-- The records --

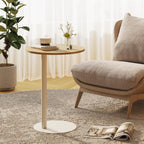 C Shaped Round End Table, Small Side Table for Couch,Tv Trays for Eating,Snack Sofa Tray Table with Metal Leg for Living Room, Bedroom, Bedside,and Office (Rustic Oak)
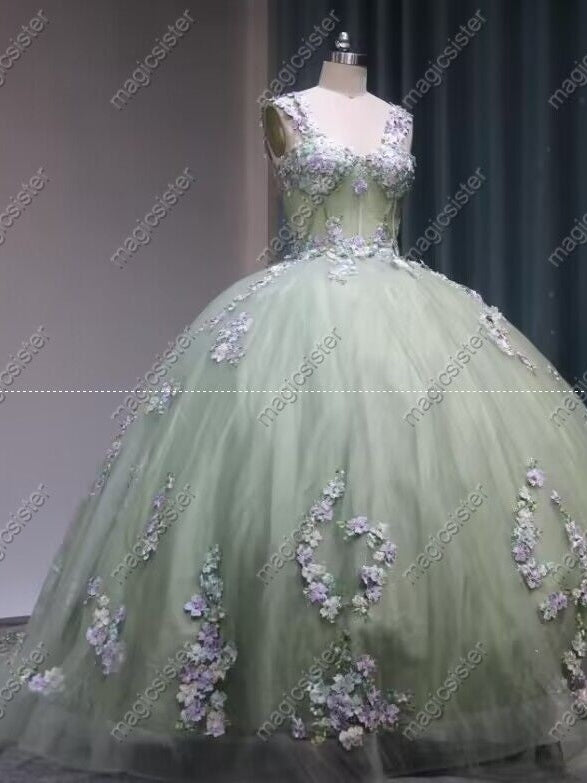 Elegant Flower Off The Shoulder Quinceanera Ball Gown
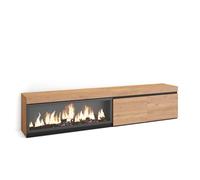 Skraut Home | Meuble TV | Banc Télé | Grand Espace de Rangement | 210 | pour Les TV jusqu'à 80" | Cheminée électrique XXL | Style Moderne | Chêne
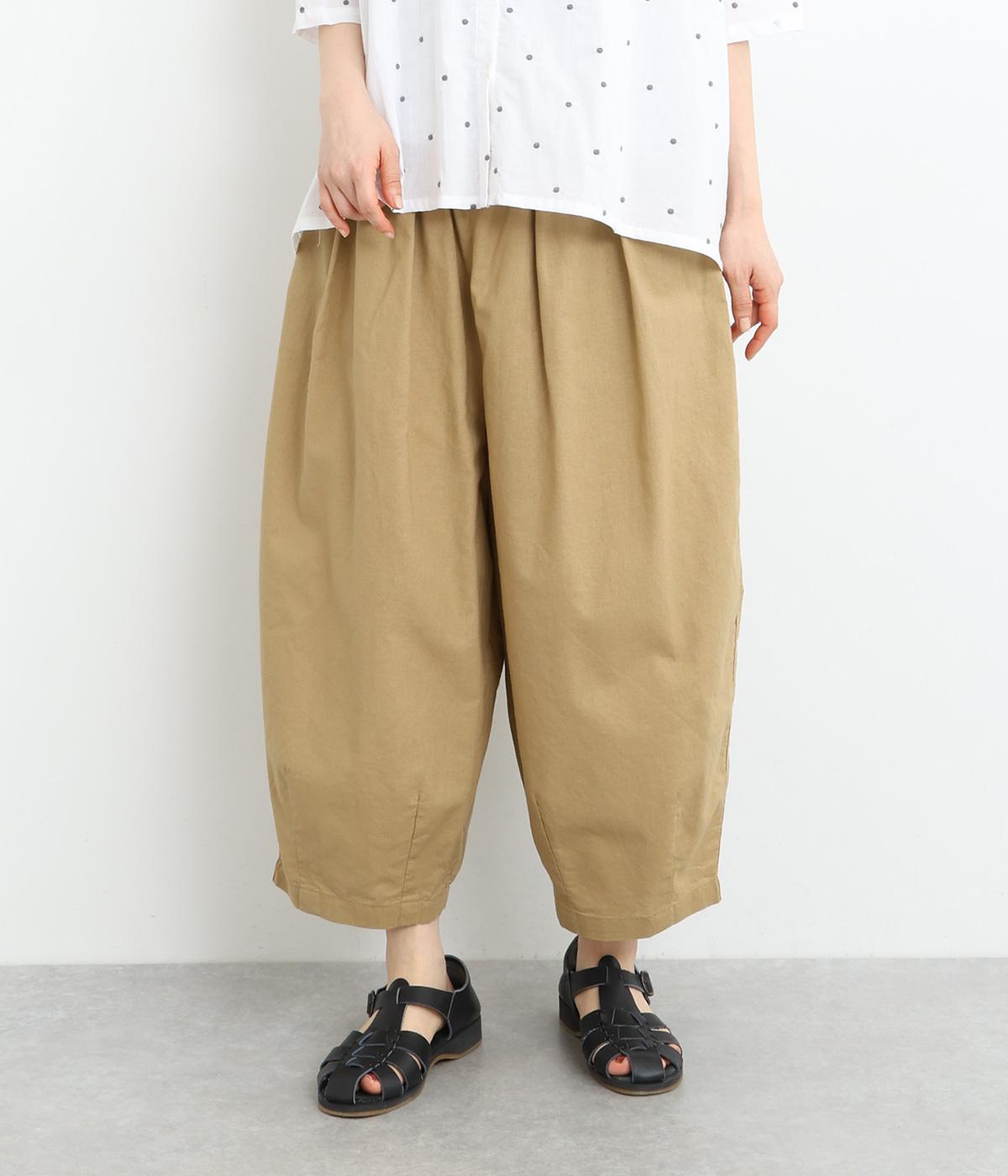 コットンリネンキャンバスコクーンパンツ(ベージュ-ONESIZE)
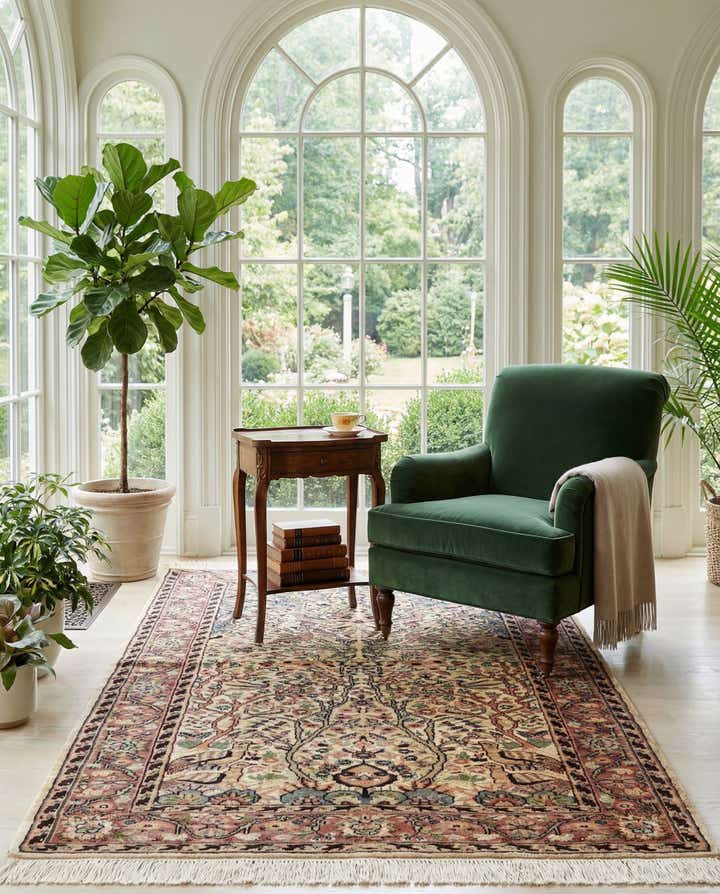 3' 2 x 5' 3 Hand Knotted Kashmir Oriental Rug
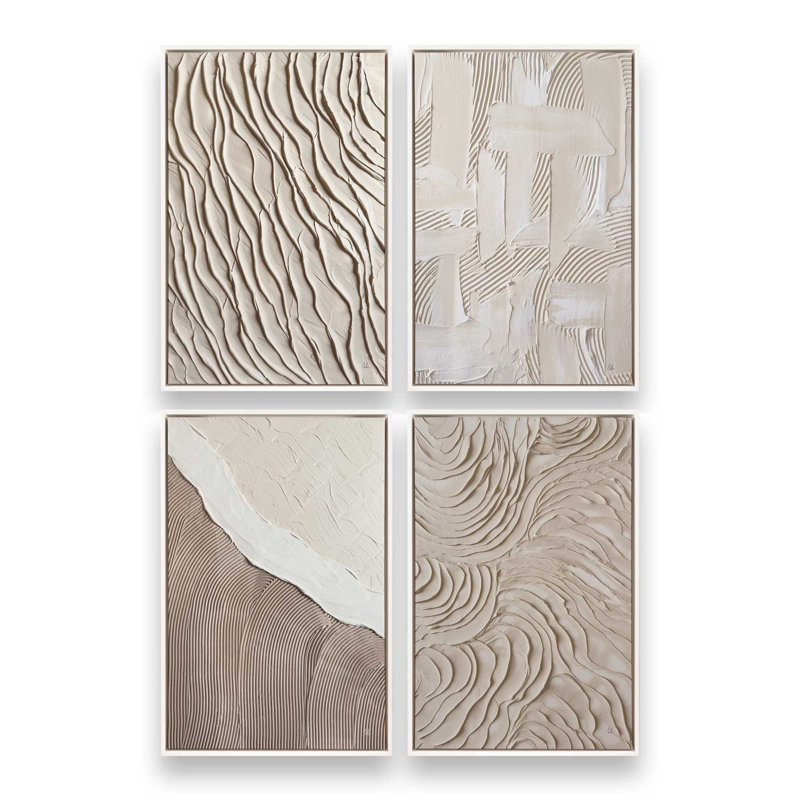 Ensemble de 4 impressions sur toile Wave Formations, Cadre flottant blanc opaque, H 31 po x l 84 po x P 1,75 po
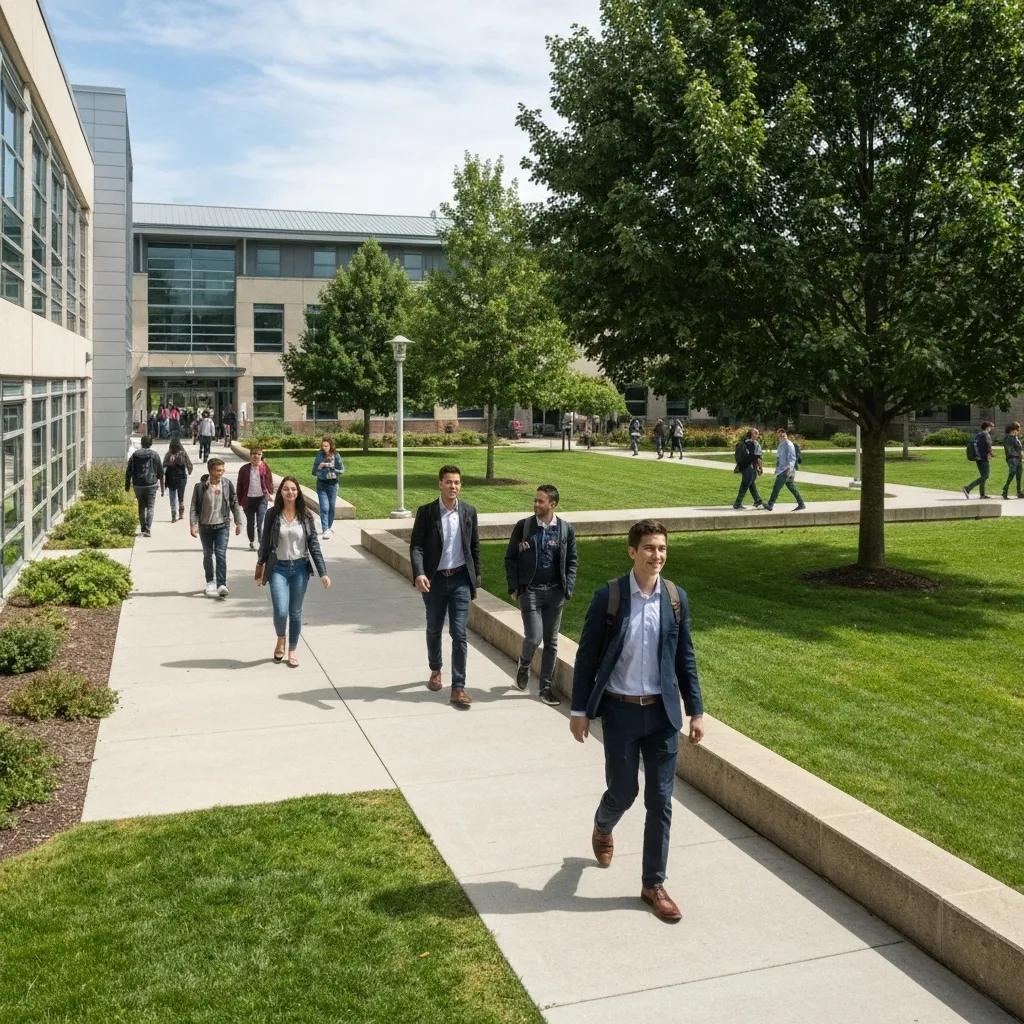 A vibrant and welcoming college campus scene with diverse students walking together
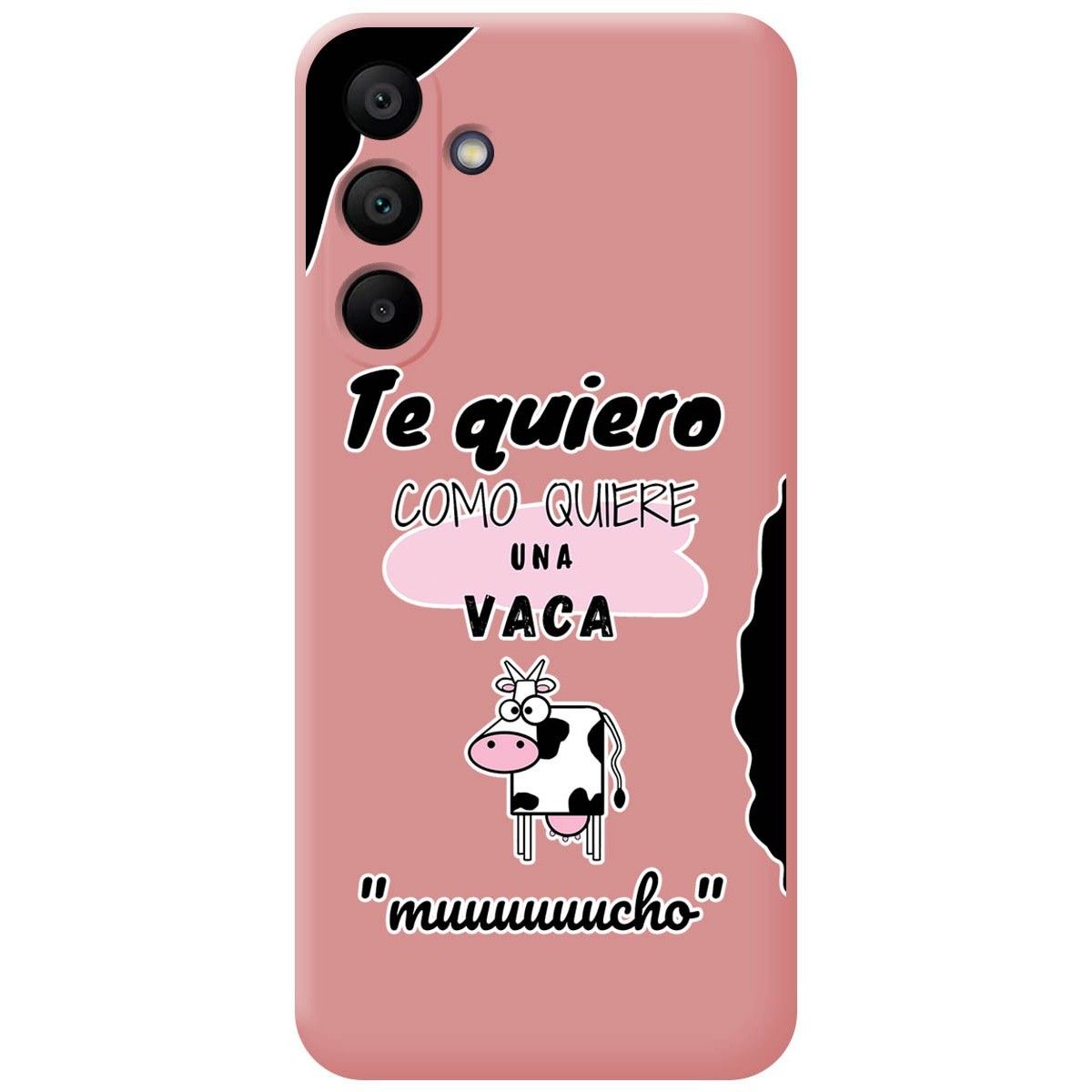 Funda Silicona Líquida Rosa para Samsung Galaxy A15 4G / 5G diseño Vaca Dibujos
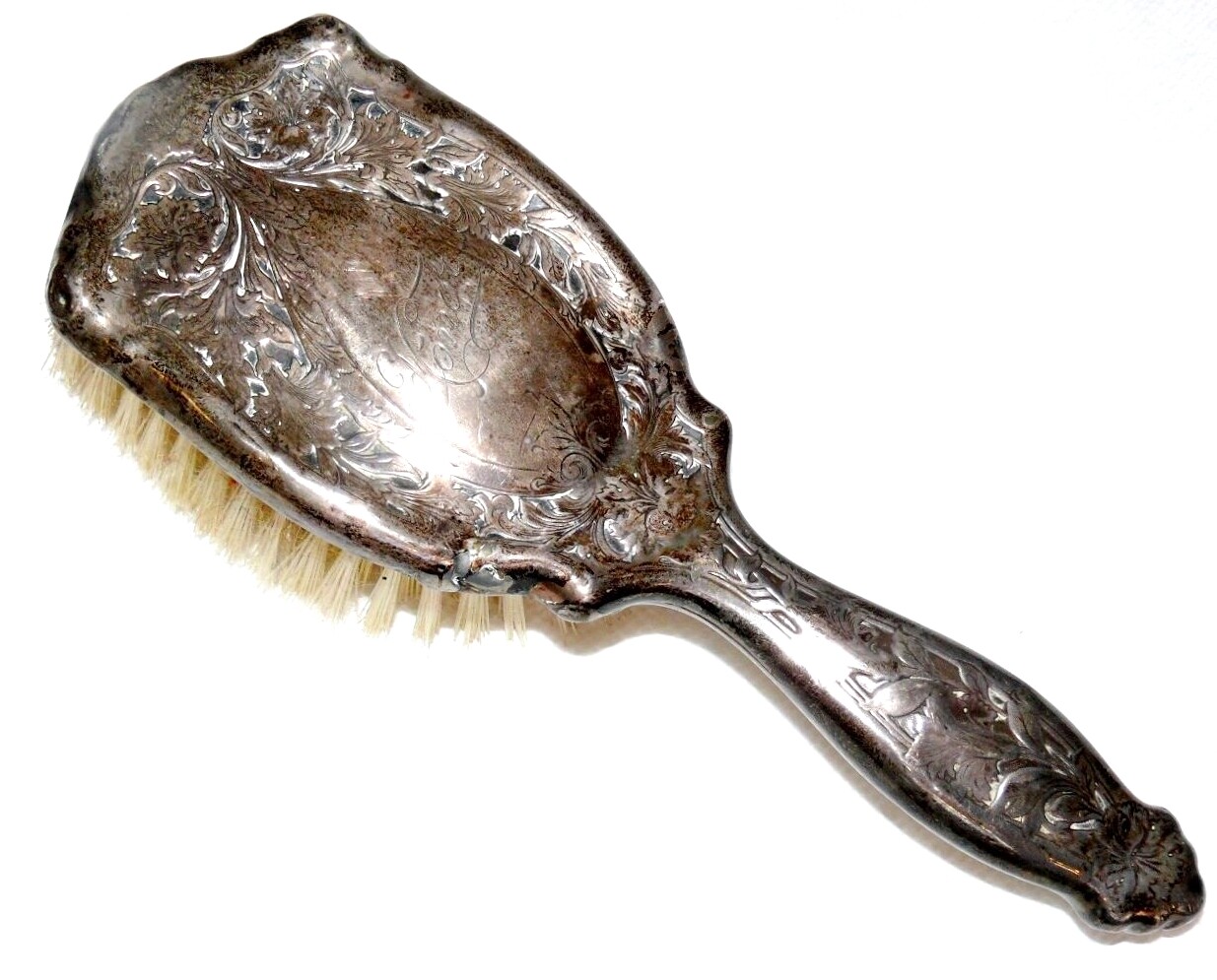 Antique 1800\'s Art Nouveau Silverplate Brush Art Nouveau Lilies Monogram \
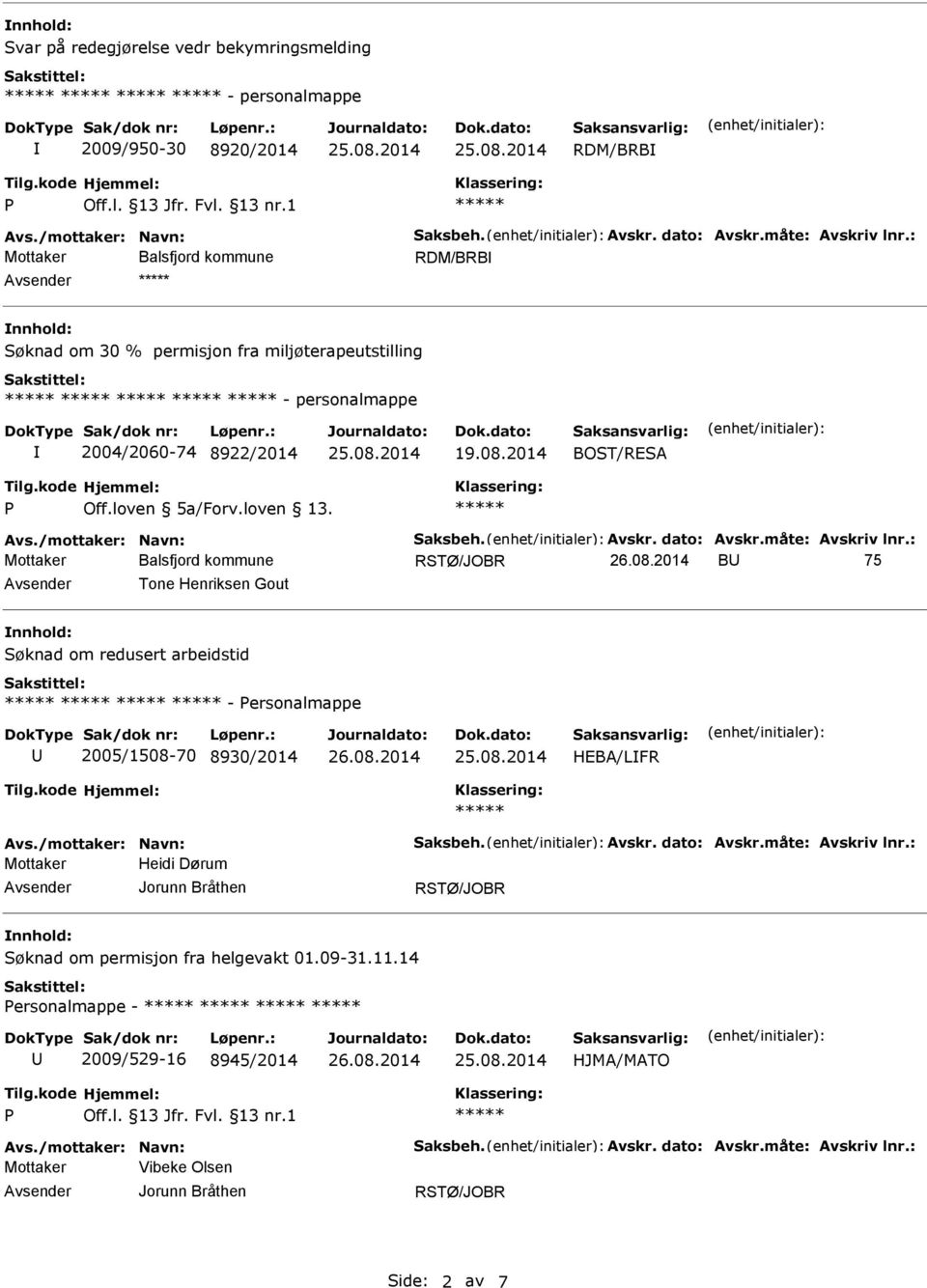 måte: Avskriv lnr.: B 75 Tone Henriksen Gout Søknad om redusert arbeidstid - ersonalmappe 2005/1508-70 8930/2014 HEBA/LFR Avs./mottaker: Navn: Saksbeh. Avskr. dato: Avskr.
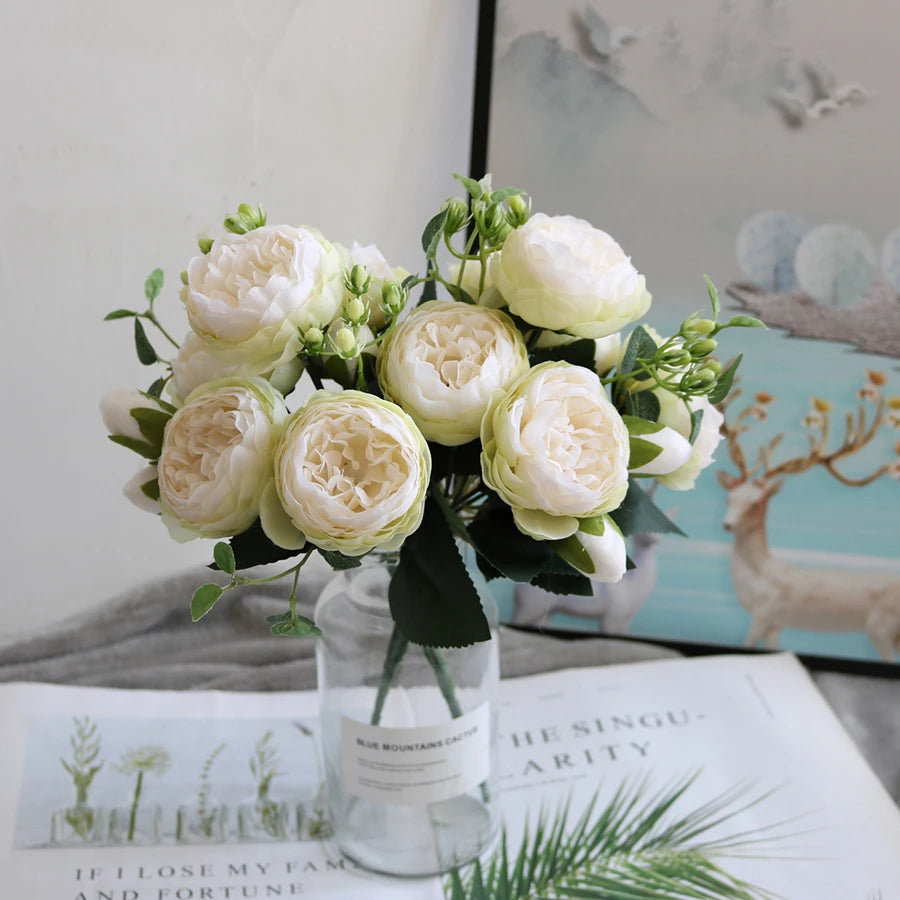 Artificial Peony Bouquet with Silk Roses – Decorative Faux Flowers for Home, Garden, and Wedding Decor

-- Activity --
Give back each of the records above word for word, apart from the pictures.

-- Answer to this problem --
 C Shaped Round End Table, Small Side Table for Couch,Tv Trays for Eating,Snack Sofa Tray Table with Metal Leg for Living Room, Bedroom, Bedside,and Office (Rustic Oak)
 Elegant Flower Off The Shoulder Quinceanera Ball Gown
 Skraut Home | Meuble TV | Banc Télé | Grand Espace de Rangement | 210 | pour Les TV jusqu'à 80" | Cheminée électrique XXL | Style Moderne | Chêne
 コットンリネンキャンバスコクーンパンツ(ベージュ-ONESIZE)
 3' 2 x 5' 3 Hand Knotted Kashmir Oriental Rug
 Ensemble de 4 impressions sur toile Wave Formations, Cadre flottant blanc opaque, H 31 po x l 84 po x P 1,75 po
 A vibrant and welcoming college campus scene with diverse students walking together
 Funda Silicona Líquida Rosa para Samsung Galaxy A15 4G / 5G diseño Vaca Dibujos
 Antique 1800\'s Art Nouveau Silverplate Brush Art Nouveau Lilies Monogram \
 måte: Avskriv lnr.: B 75 Tone Henriksen Gout Søknad om redusert arbeidstid - ersonalmappe 2005/1508-70 8930/2014 HEBA/LFR Avs./mottaker: Navn: Saksbeh. Avskr. dato: Avskr.
 Artificial Peony Bouquet with Silk Roses – Decorative Faux Flowers for Home, Garden, and Wedding Decor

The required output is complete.